Q: I’m 24, and my boyfriend and I have been dating for five months. We are so in love, and we want to spend every moment we can together. Even though we have nasty fights, we always make up (and it’s true what they say about makeup sex!). I have never been happier, but my friends just won’t get on board. They say that he is controlling and that I never spend time with them anymore, but my boyfriend says that they are just jealous. I am stuck in the middle and I don’t know what to do. Help!
A: It sounds to me like there is a lot going on here. First, you and your new boyfriend are deep in attachment phase, meaning that there are all kinds of hormones impacting each of your moods and behaviors. It is an exciting time, but it can also be tumultuous. You mention that you have numerous fights and then amazing makeup sex, and it sounds like a pattern that many newly dating couples can relate to. However, it is a red flag that you describe the fights as “nasty” and that your friends aren’t on board with this new guy.
While arguments are natural in any relationship, no fight should ever escalate into threatening or violent territory. There are many different kinds of abuse, including emotional abuse: Name-calling, manipulation tactics, and demeaning language fall into that category. If arguments with your partner leave you feeling worthless, insecure, and completely alone, then that is a sign your fights could be more than just nasty. They could be abusive.
The fact that your friends aren’t on board with him could suggest that they see something that you don’t. Some abusive partners even use this as a tactic to further control and manipulate their significant others. By driving a wedge between a love interest and the friends and family, a controlling partner can ensure that his mate is completely isolated and his to control. Of course, that isn’t necessarily the issue here. You need to think it through. It could just be that your boyfriend and friends got off to a bad start and now they are reacting to one another’s negative energy.

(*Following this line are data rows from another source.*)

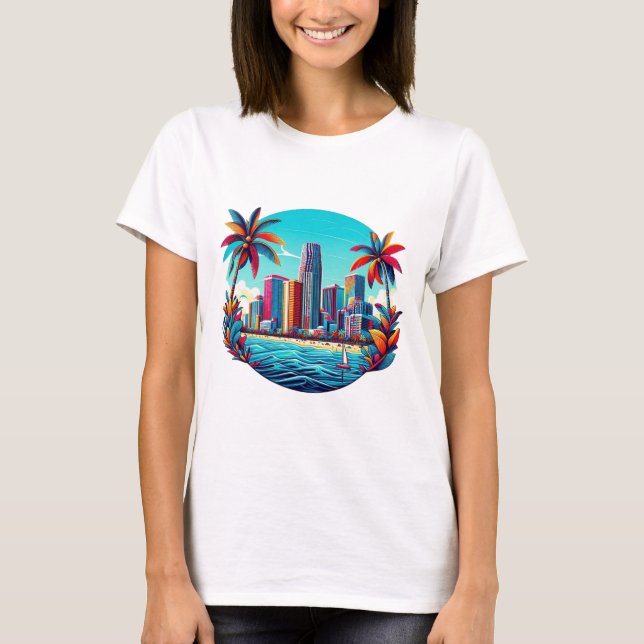 Camiseta Oasis del paisaje urbano tropical (Anverso)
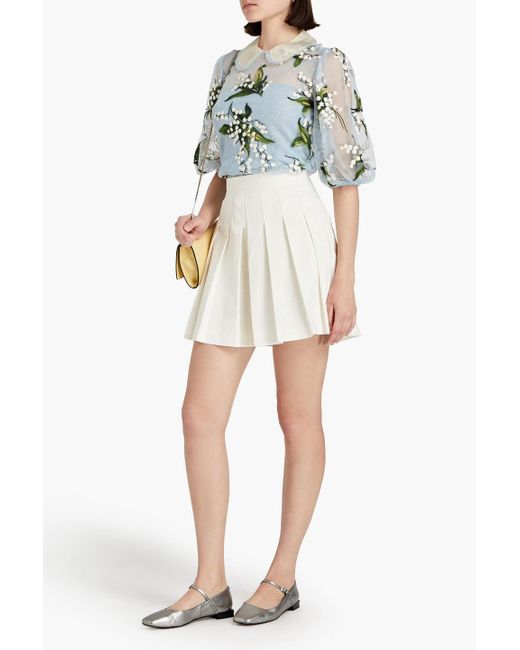 RED Valentino Blue Embroidered Floral-print Point D'espirit Blouse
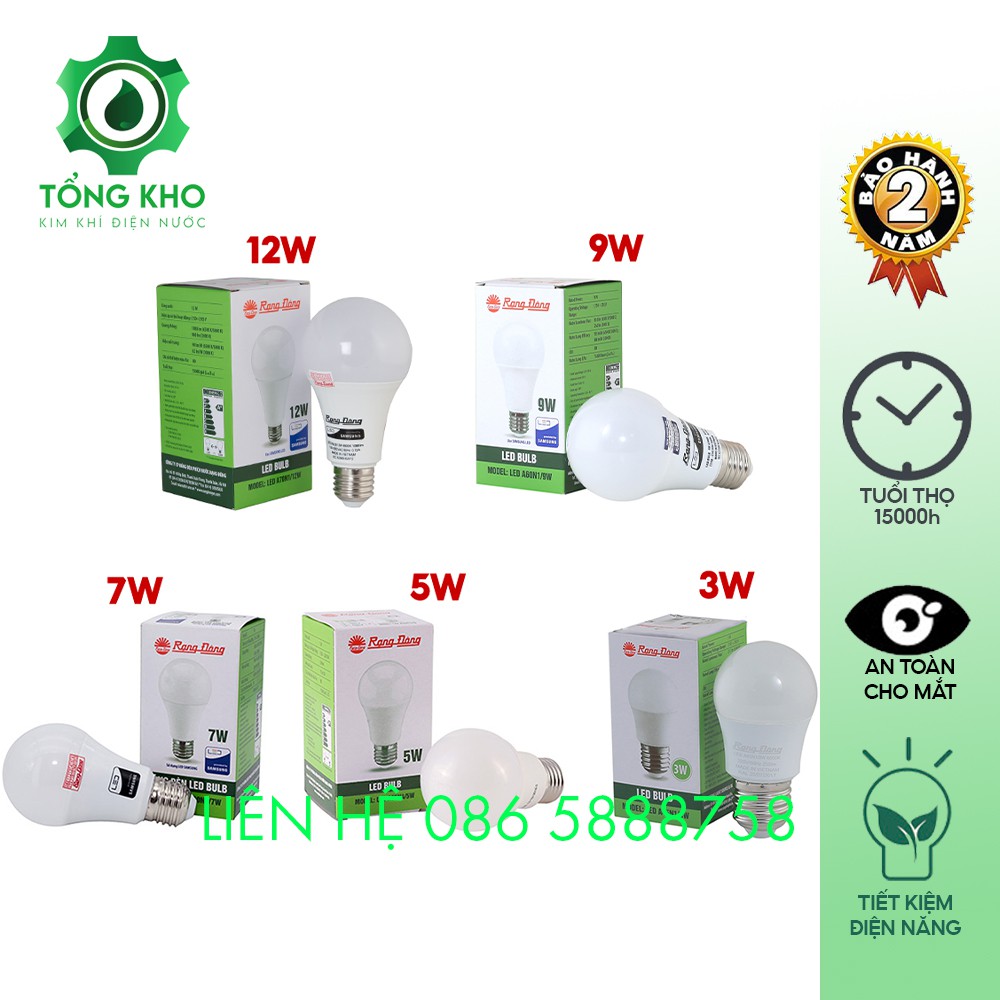 Đèn Led Buld tròn Rạng Đông 3W, 5W, 7W, 9W, 12W - Tổng kho kim khí điện nước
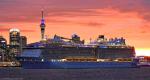ID 11182 OVATION OF THE SEAS (2016/168666grt/IMO 9697753/348m loa) gets underway from Auckland this evening bound for Tauranga as the last rays of sunshine fade from the sky.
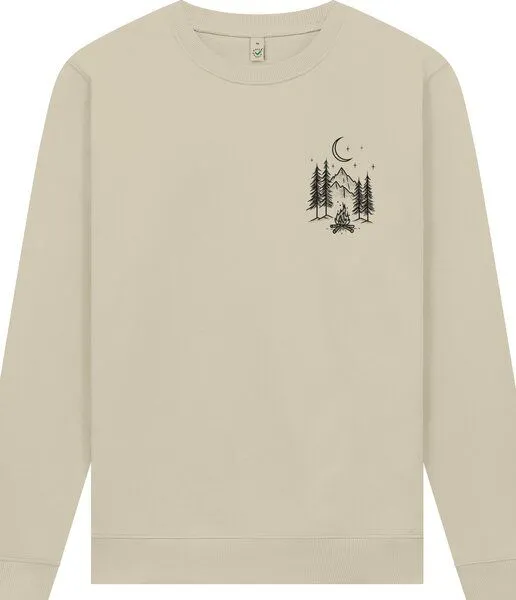 Spreecult Spreecult kleines Lagerfeuer- Unisex Sweatshirt - Bio und Fair - Natur Nacht Berge, Natural, – Produktbild 1 von 4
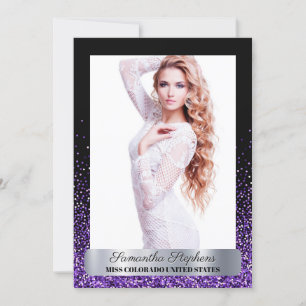 Tarjeta autográfica de concurso Purple Glitz Shimm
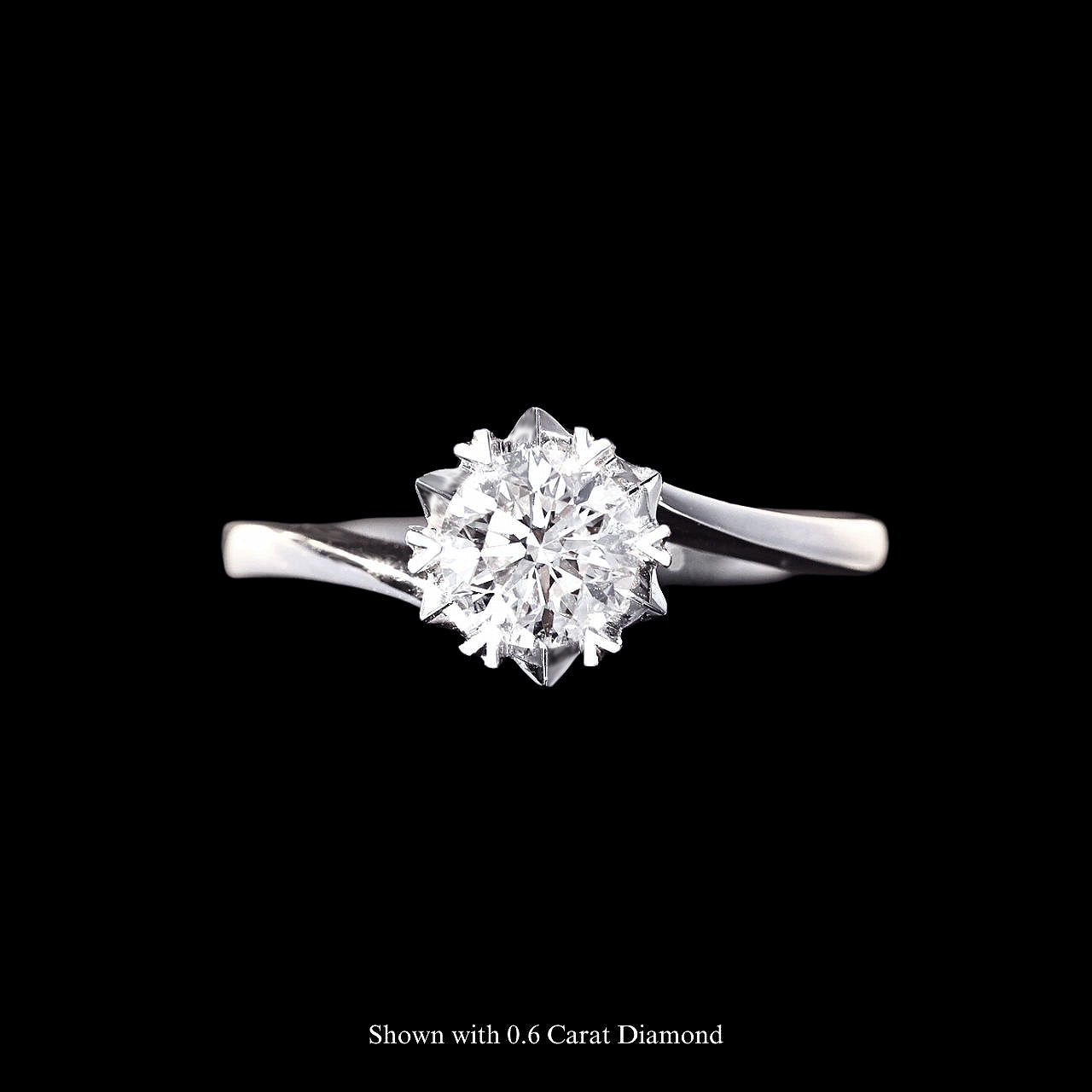 FIICCI Dazzling Snowflake Round Diamond 18K White Gold Engagement Ring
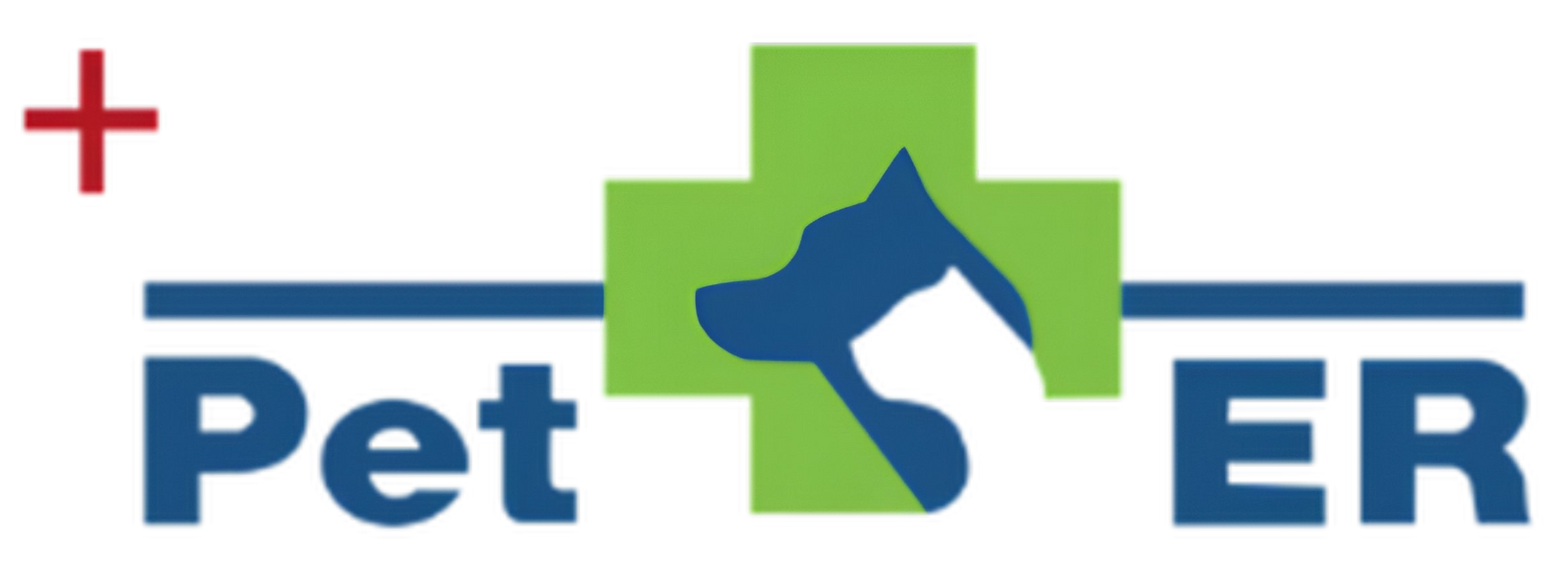 Logo for Pet ER, featuring a red plus sign, green cross with dog and cat silhouettes, and blue text.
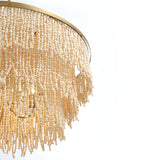 Molfetta Chandelier By Lib & Co, Finish: Antique Brass With Cream Beads, Size: Medium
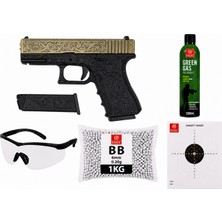 We G19  Özel İşlemeli Classıc Floral Pattern Greengas, BB ve Koruyucu Gözlük,Hedef Kağıdı Hediyeli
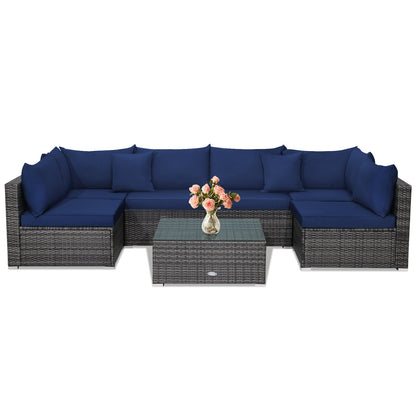 7-Piece Patio Rattan Furniture Set Sectional Sofa Garden Cushion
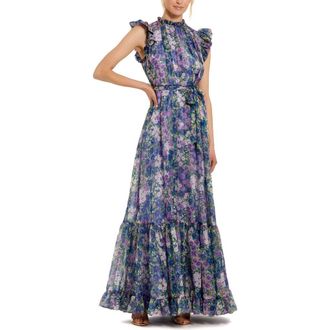 Mac Duggal Belted Floral Chiffon Ruffle Sleeve Gown in Lilac Multi at Nordstrom, Size 12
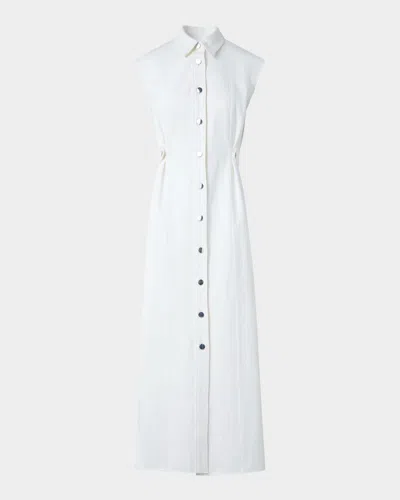 Akris Punto Sleeveless Cotton-stretch Denim Midi Shirtdress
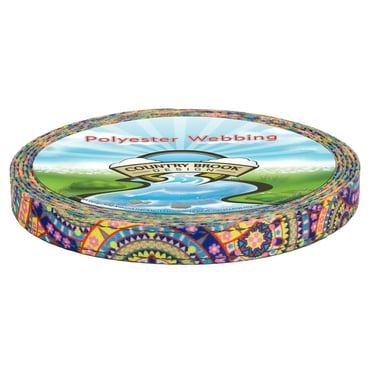 Country Brook Design - 5/8 Inch Yellow Boho Mandala Reflective Polyester Webbing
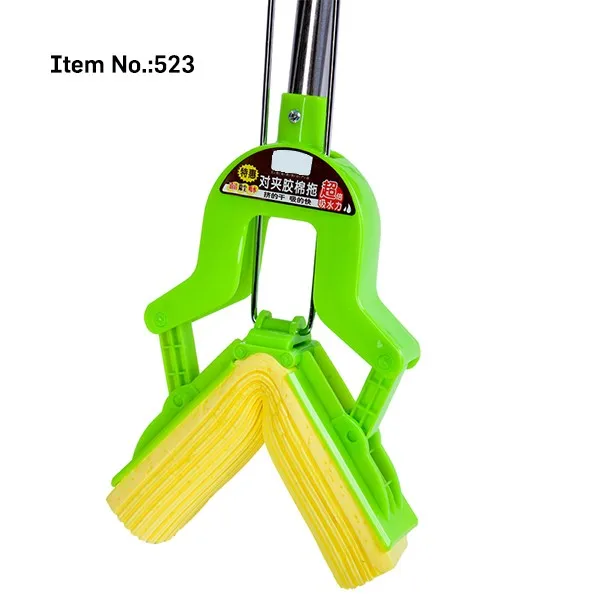 HQ523 bathroom cleaning accessory hand floor mop with soft yellow PVA refill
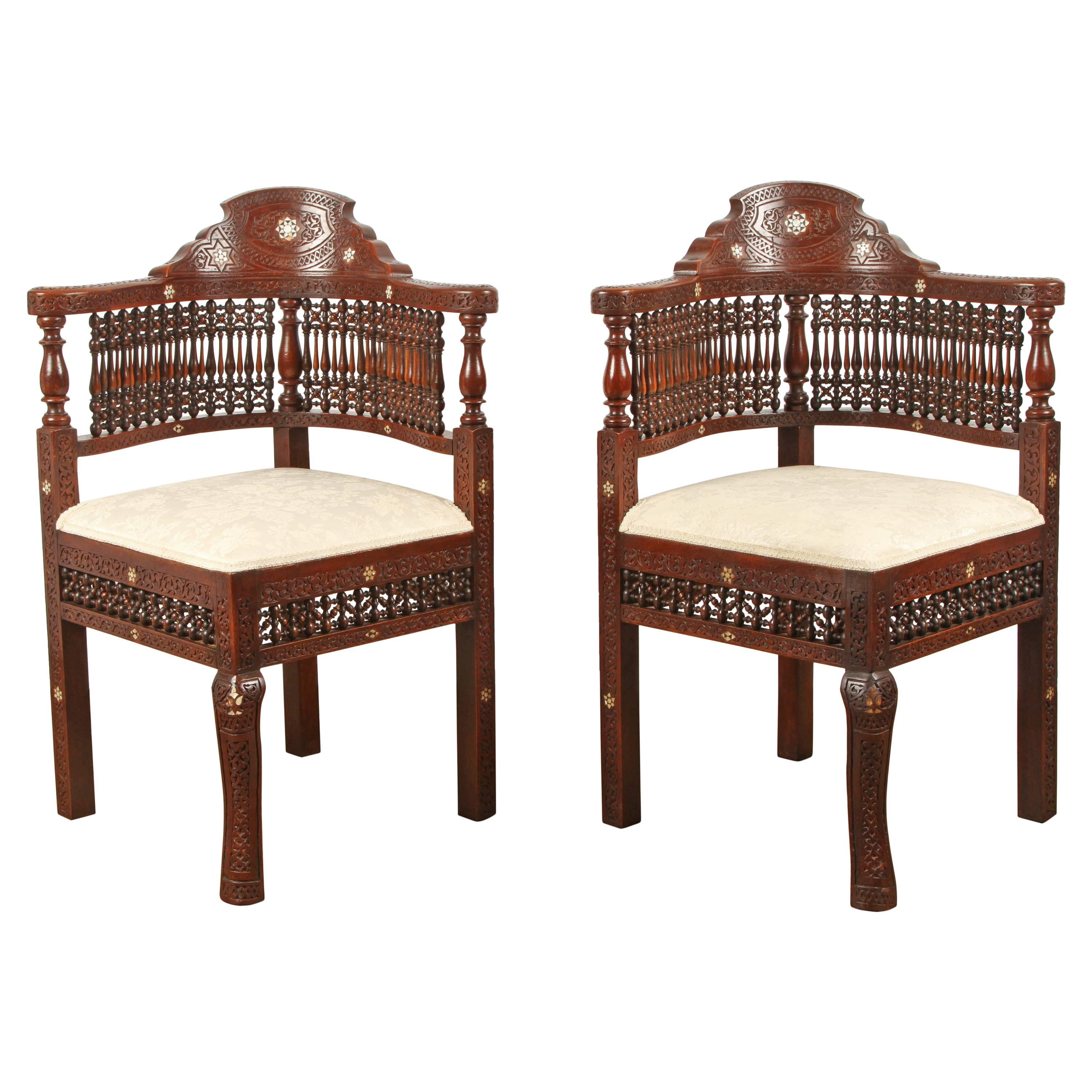Pair of Moroccan Corner Chairs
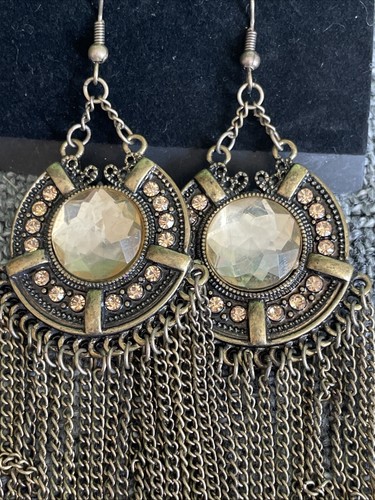 Antique Gold Tone Tassel Drop Hook Earrings - Picture 2 of 3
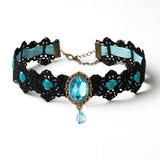 Collier Ras du Cou Gothique Vintage en Dentelle avec Pendentif en Verre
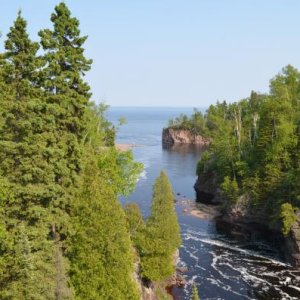 Baptism River feeding into Lake Superior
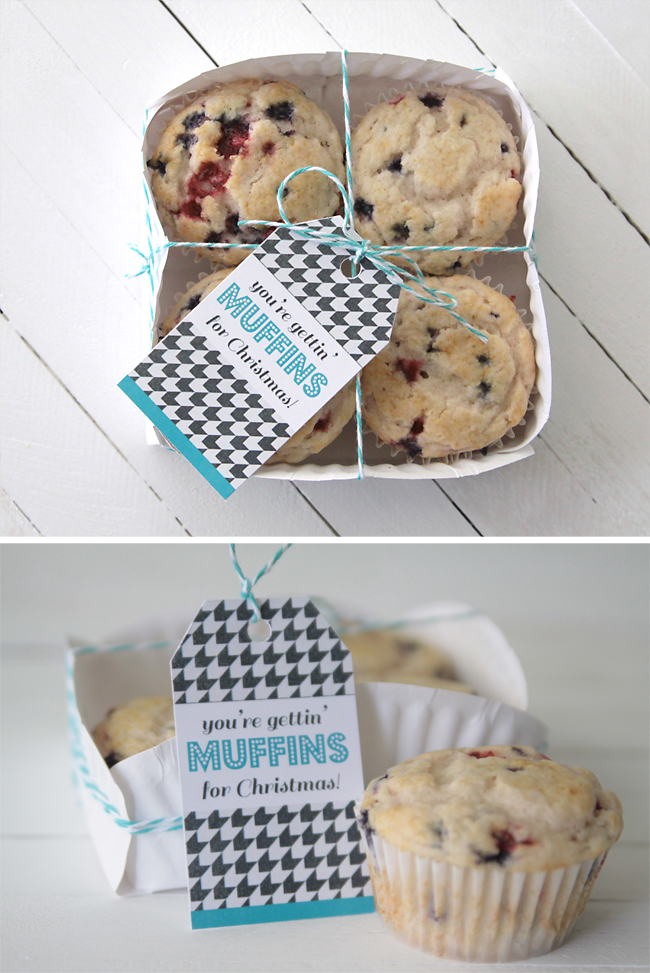 The easier version (doily wrapped muffin mix):
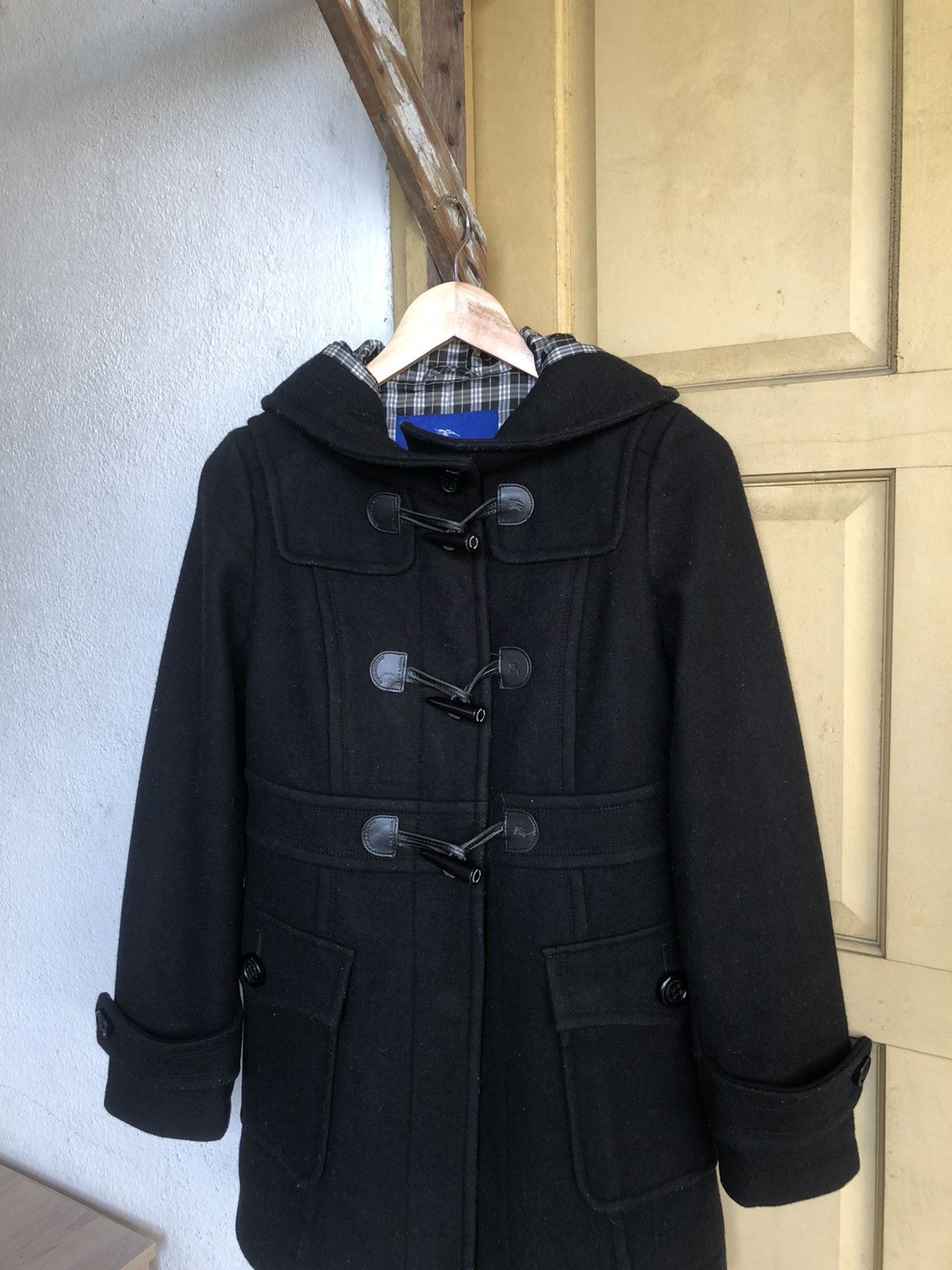 Burberry Vintage Burberry Blue Label Nova Check Duffle Coat Black Size XS / US 0-2 / IT 36-38 - 4 Thumbnail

The best thing you can do right now if you think things simply got off on the wrong foot is to try to help mend those fences. You can start by spending more time with your friends. You mention that you spend every waking moment with your partner, which can be frustrating for your friends, especially if you are blowing them off and missing special events like birthdays or graduations. And try to initiate a few group events as well so that they can see your boyfriend and you together as a couple. When they see how tight-knit and in love you are, they might come around and start to see what you see when you look at him.
Last but not least, make sure not to bad-mouth your boyfriend to your pals, or vice versa. If you are constantly sharing negative information about your boyfriend, your friends will likely have a hard time seeing any good in your new guy, and the same is true if you are always gossiping about your friends as well. Instead, talk them up and focus on the positive. Good luck!